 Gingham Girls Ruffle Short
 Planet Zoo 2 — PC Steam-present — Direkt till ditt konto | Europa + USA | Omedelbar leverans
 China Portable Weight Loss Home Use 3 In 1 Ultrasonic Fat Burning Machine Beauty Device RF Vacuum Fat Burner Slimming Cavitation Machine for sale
§ §
== The problem ==
Give back each line above precisely as it stands.

== Solved problem ==
 Gingham Girls Ruffle Short
 Planet Zoo 2 — PC Steam-present — Direkt till ditt konto | Europa + USA | Omedelbar leverans
 China Portable Weight Loss Home Use 3 In 1 Ultrasonic Fat Burning Machine Beauty Device RF Vacuum Fat Burner Slimming Cavitation Machine for sale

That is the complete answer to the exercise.